Boca, el equipo de Juan Carlos Lorenzo, con Gatti; Pernía, Sá, Mouzo y Tarantini; Veglio, Suñé y Ribolzi; Mastrángelo, Taverna y Felman.
River, el conjunto de Angel Amadeo Labruna, con Fillol; Comelles, Perfumo, Passarella y Héctor López; Juan José López, Merlo y Alberto Beltrán; Pedro Alexis González, Leopoldo Jacinto Luque y Oscar Más.
Aquella final no se borra y seguirá siendo única. Un estadio con 90.000 personas, 45.000 de Boca, 45.000 de River. Con 350 efectivos, contra los 2000 de ahora. Y está la historia mítica de aquel “gol fantasma” de tiro libre. Porque es uno de los seis, siete u ocho tantos más importantes de la historia de Boca (junto a los dos de Palermo a Real Madrid, un par de Román en las finales a Gremio de la Libertadores 2007 y por ahí el de Donnet a Milan o alguno de la Intercontinental ante Borussia) pero la videoteca del Museo del club no lo puede mostrar porque no quedó registro fílmico. La dictadura también arrasó con eso. Copias que se quemaron o se tiraron. Y ese es el gol perdido. La leyenda cuenta que lo tiene guardado algún periodista. O que lo hizo quemar el almirante Lacoste, reconocido hincha de River. Lo cierto es que solo hay fotos del tiro libre de Suñé que definió la única final superclásica mano a mano de la historia, a un solo partido, en cancha neutral. Y el mito se agranda por las formas.
Porque Ithurralde nos contó siempre en Mar del Plata, en cada rica charla de café en su estadía final en la ciudad, con detalles y verborragia, como fue la historia. El convocó a hacer el sorteo en el vestuario porque en la cancha sería un caos con los fotógrafos, y el capitán de River, Roberto Perfumo, le pidió si se podía jugar rápido en los tiros libres, es decir, sin esperar “la orden” del árbitro. Increiblemente quien aprovechó ese pedido, con una “avivada”, fue “el Chapa” Suñé, quien, a los 27’ del segundo tiempo, hizo rápido el tiro libre cuando escuchó el grito de “¡juegue!” de Ithurralde, agarró a la barrera de River en formación y a Fillol caminando y clavó la pelota en un ángulo.

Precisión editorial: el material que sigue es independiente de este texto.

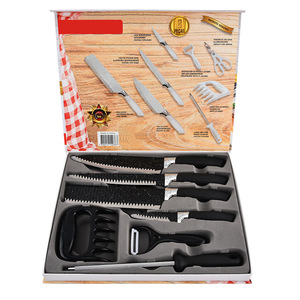 Ensemble de couteaux de cuisine 8 pièces, noir, antiadhésif, acier inoxydable, couteaux de cuisine professionnels avec aiguiseur - Product Image 1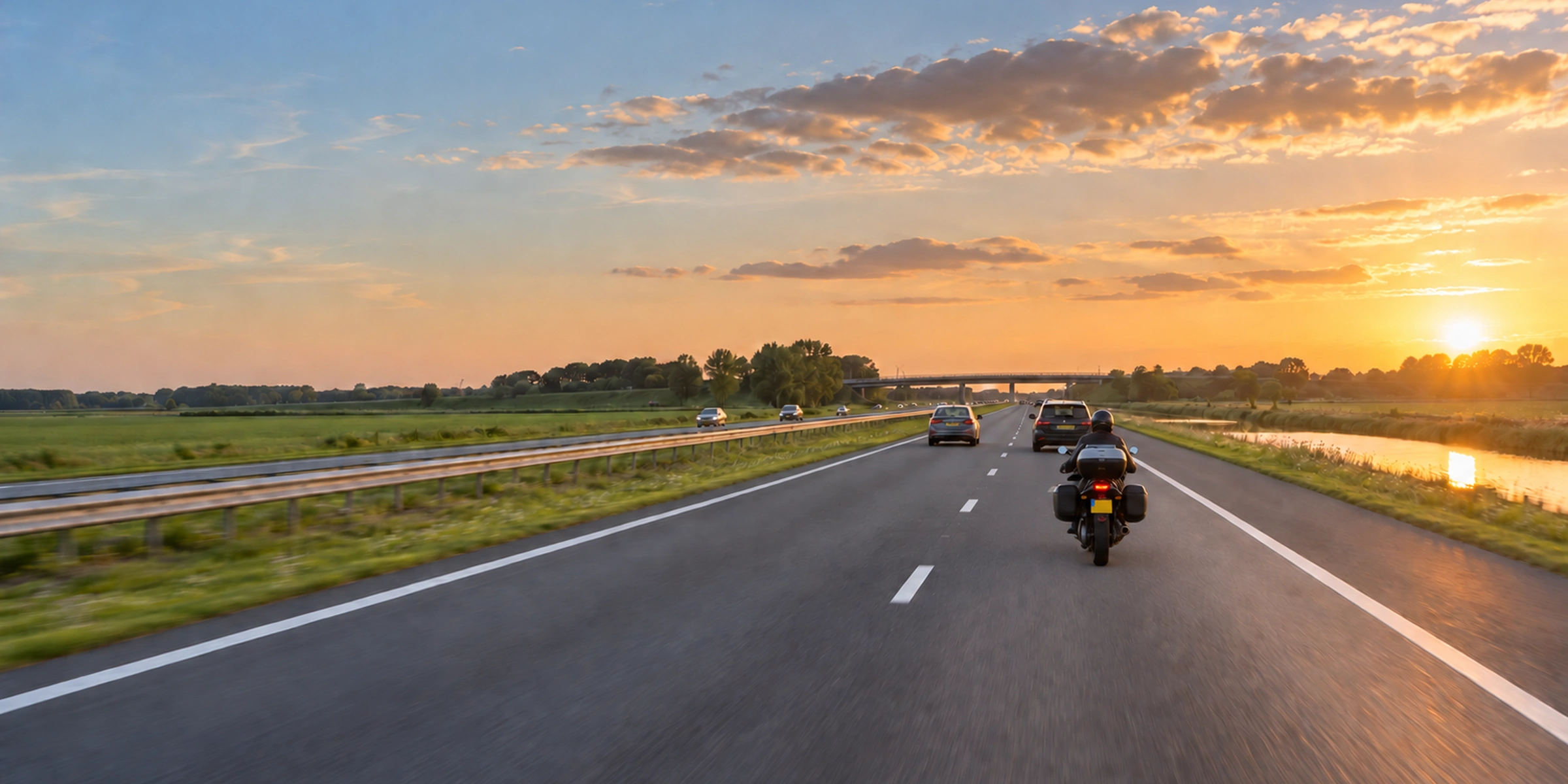 Verkeer op een Nederlandse snelweg onder een gouden avondlucht.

“Tengo perfectamente registrado el fogonazo de los fotógrafos cuando la pelota le entra a Fillol por el palo izquierdo y yo lo primero que hago, en lugar de festejar, es mirarlo a Ithurralde para ver si marca el centro de la cancha” rememora un prestigioso periodista de este tiempo que estuvo como hincha aquel día en la parte alta del Cilindro, en la popular de Boca, Eduardo Aliverti.
Fue el gol fantasma. Pero fue el gol de oro. El que definió LA FINAL. Ahora se están jugando LAS FINALES. Son más importantes para el mundo, pero no son iguales a aquella única final. La historia no se borra. En todo caso, se sigue escribiendo, con nuevas páginas memorables.